Start of Block

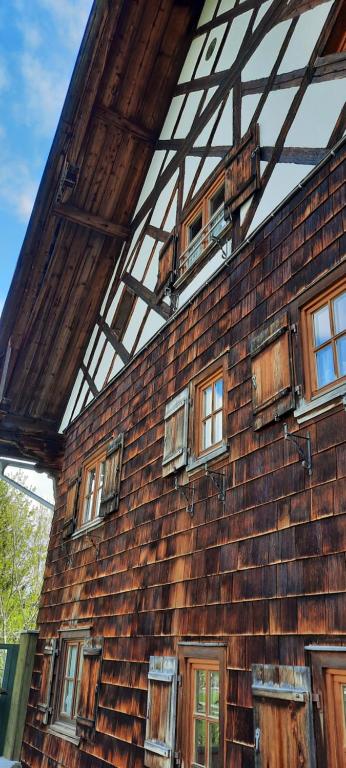 Un edificio de ladrillo con ventanas a los lados. en Selbstversorgerhütte N 15 Kleinwalsertal, en Hirschegg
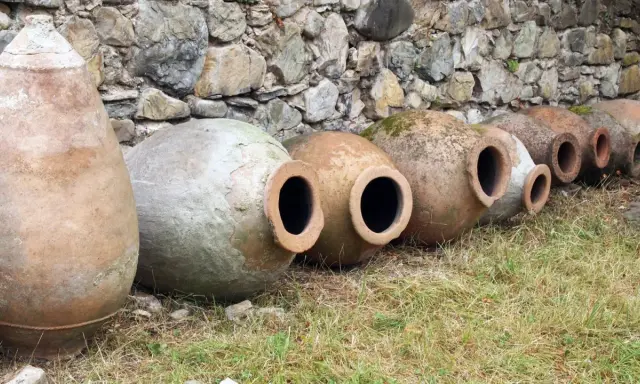 Antiguas ánforas de vino yacen en la hierba, algunas cubiertas de musgo, contra un muro de piedra.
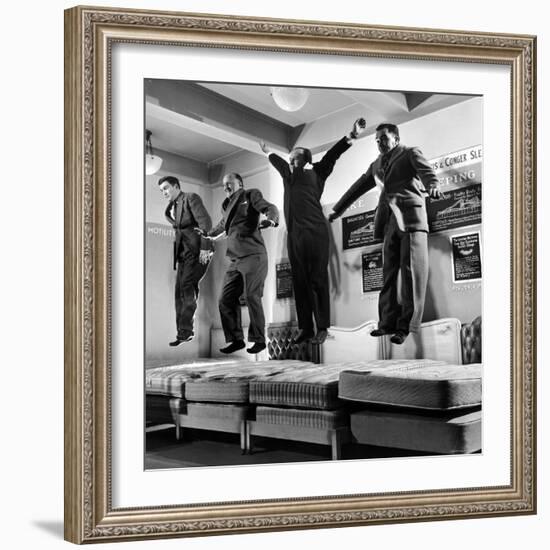 The Salesmen Showing How Not to Test a Bed at Lewis and Conger-George Silk-Framed Photographic Print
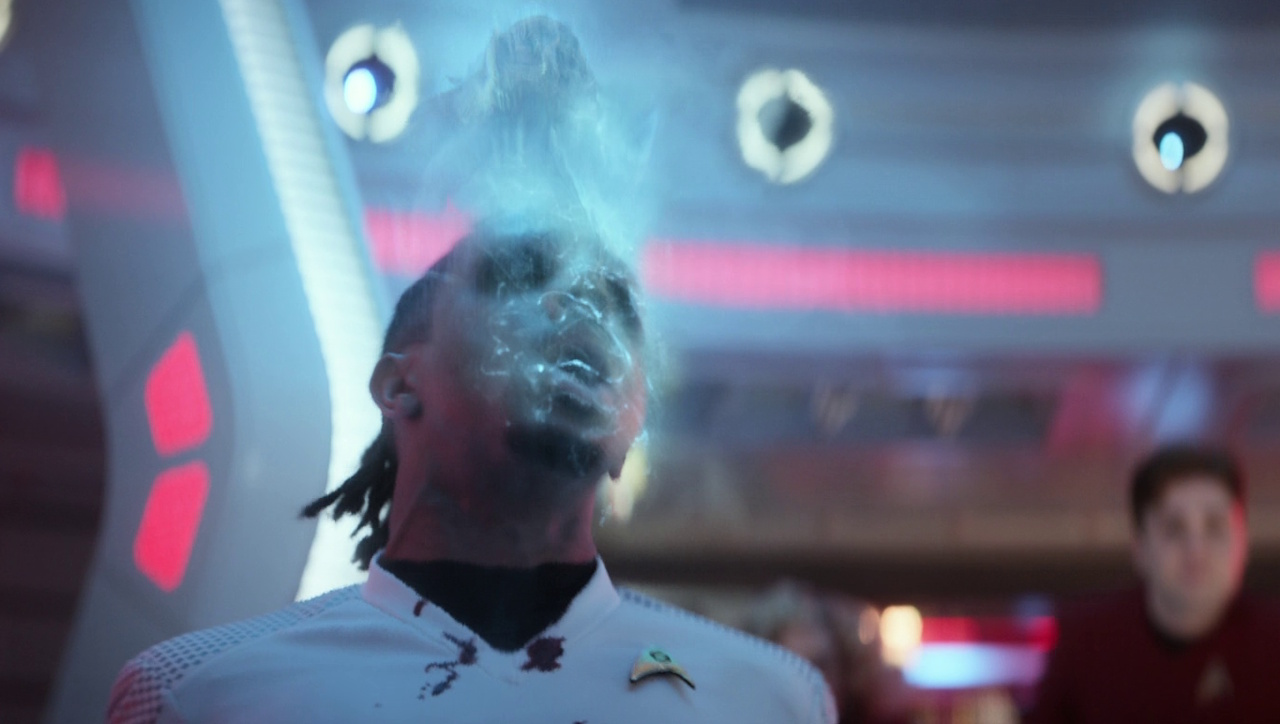 Still frame from Star Trek: Strange New Worlds 3x05 "Through the Lens of Time" showing the Vezda alien leaving Gamble's body.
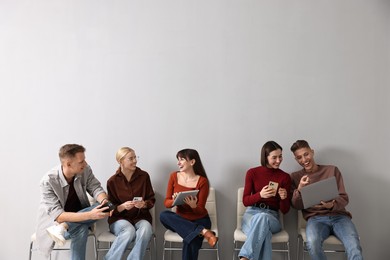 Photo of Group of people using different gadgets on chairs near light grey wall indoors. Modern technology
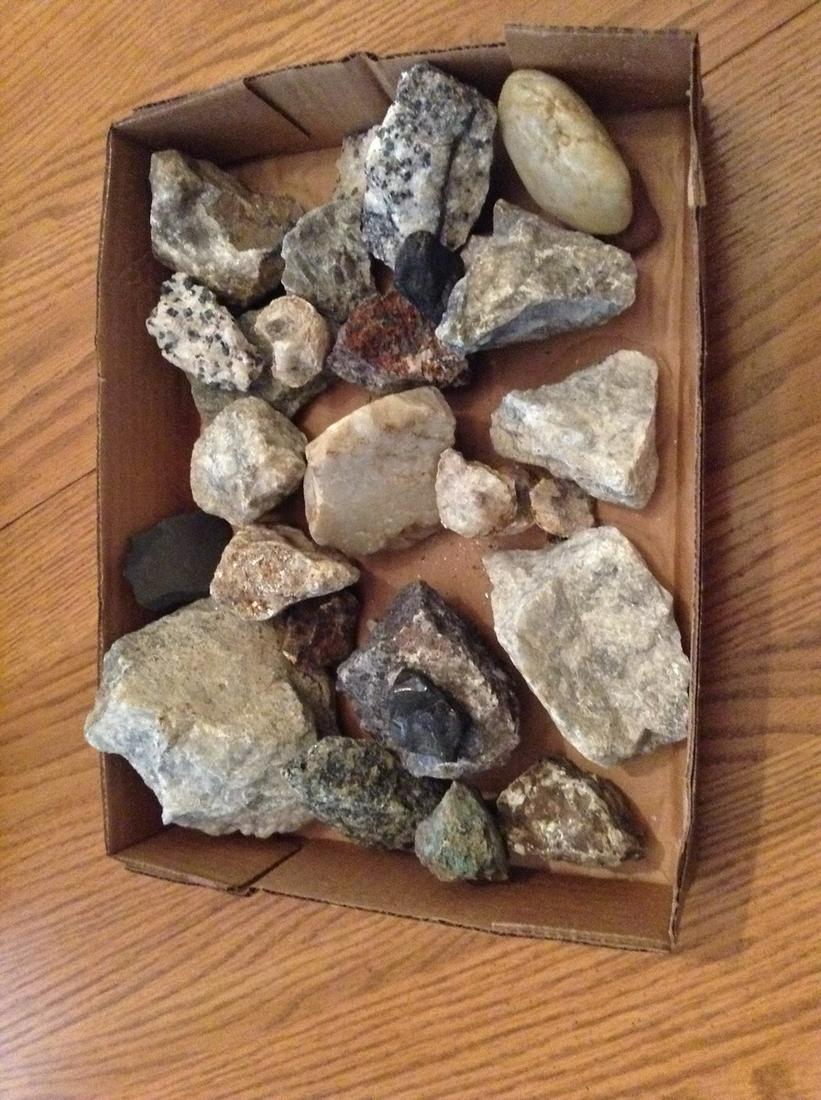 Box full of minerals and polished rock: Box full of minerals and polished rock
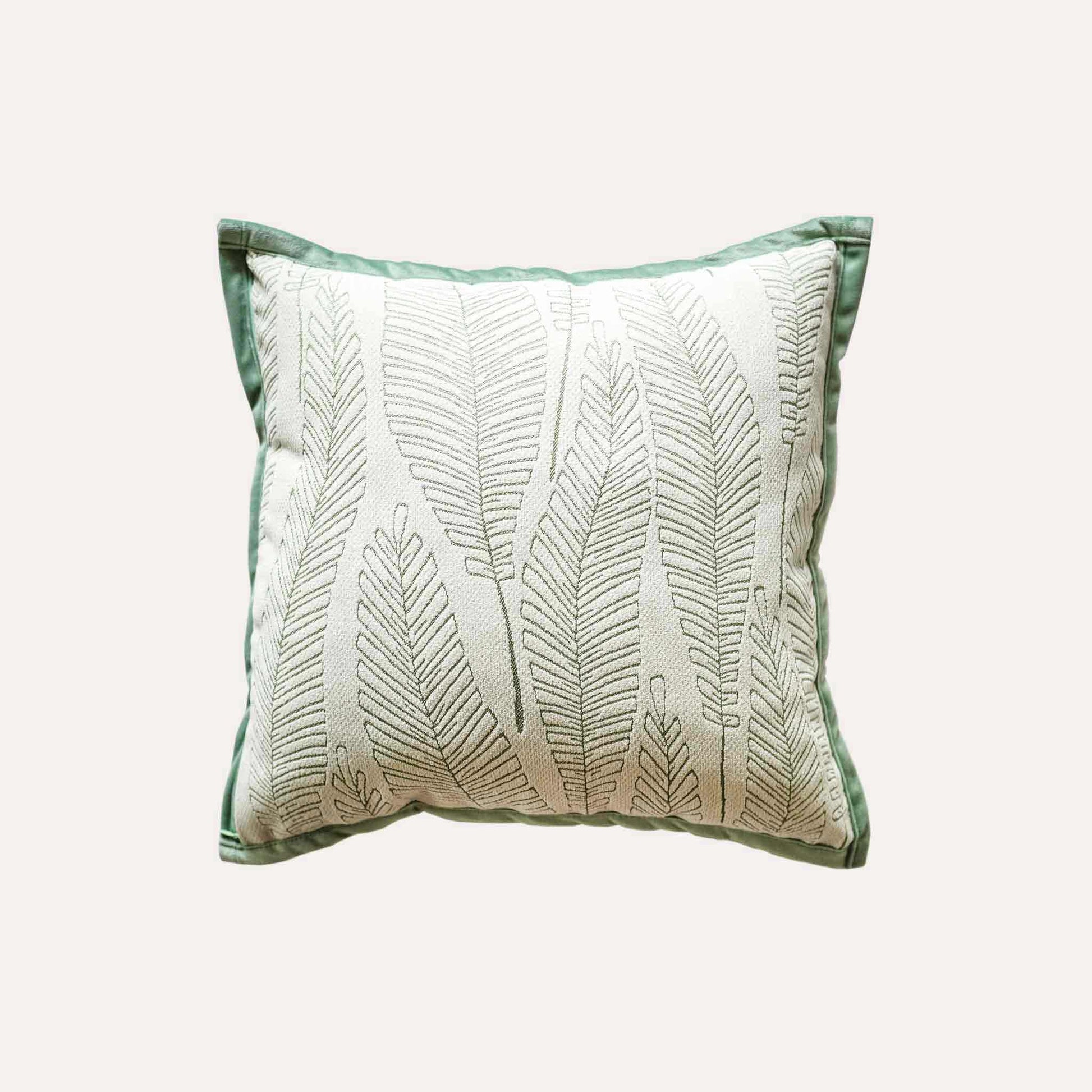 Vibrant green and white palm leaf jacquard cushion cover.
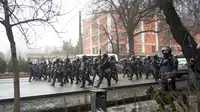 Polisi anti huru hara berjalan untuk memblokir demonstran yang berkumpul selama protes di Almaty, Kazakhstan, Rabu (5/2/2022). Demonstran yang menolak kenaikan harga gas cair bentrok dengan polisi di kota terbesar Kazakhstan dan mengadakan protes di sekitar kota. (AP Photo/Vladimir Tretyakov)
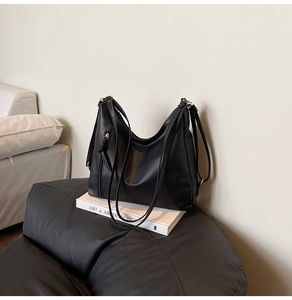 Detail of black faux leather tote bag with vertical zipper pocket on white books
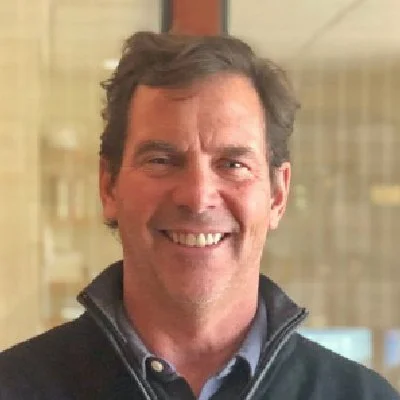 Smiling man with dark hair wearing a collared shirt and a zip-up jacket indoors.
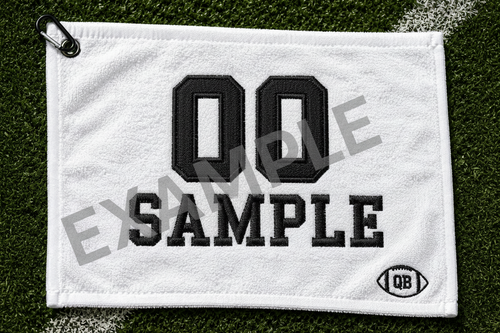 White football towel with satin stitch embroidery showing 23 Johnson in black thread on grass background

End of Block

== Aim of the exercise ==
Each record must be repeated exactly, and no picture may be carried over.

== Result for this task ==
 Un edificio de ladrillo con ventanas a los lados. en Selbstversorgerhütte N 15 Kleinwalsertal, en Hirschegg
 Antiguas ánforas de vino yacen en la hierba, algunas cubiertas de musgo, contra un muro de piedra.
 The Salesmen Showing How Not to Test a Bed at Lewis and Conger-George Silk-Framed Photographic Print
 Still frame from Star Trek: Strange New Worlds 3x05 "Through the Lens of Time" showing the Vezda alien leaving Gamble's body.
 Photo of Group of people using different gadgets on chairs near light grey wall indoors. Modern technology
 Box full of minerals and polished rock: Box full of minerals and polished rock
 Vibrant green and white palm leaf jacquard cushion cover.
 Polisi anti huru hara berjalan untuk memblokir demonstran yang berkumpul selama protes di Almaty, Kazakhstan, Rabu (5/2/2022). Demonstran yang menolak kenaikan harga gas cair bentrok dengan polisi di kota terbesar Kazakhstan dan mengadakan protes di sekitar kota. (AP Photo/Vladimir Tretyakov)
 Detail of black faux leather tote bag with vertical zipper pocket on white books
 Smiling man with dark hair wearing a collared shirt and a zip-up jacket indoors.
 White football towel with satin stitch embroidery showing 23 Johnson in black thread on grass background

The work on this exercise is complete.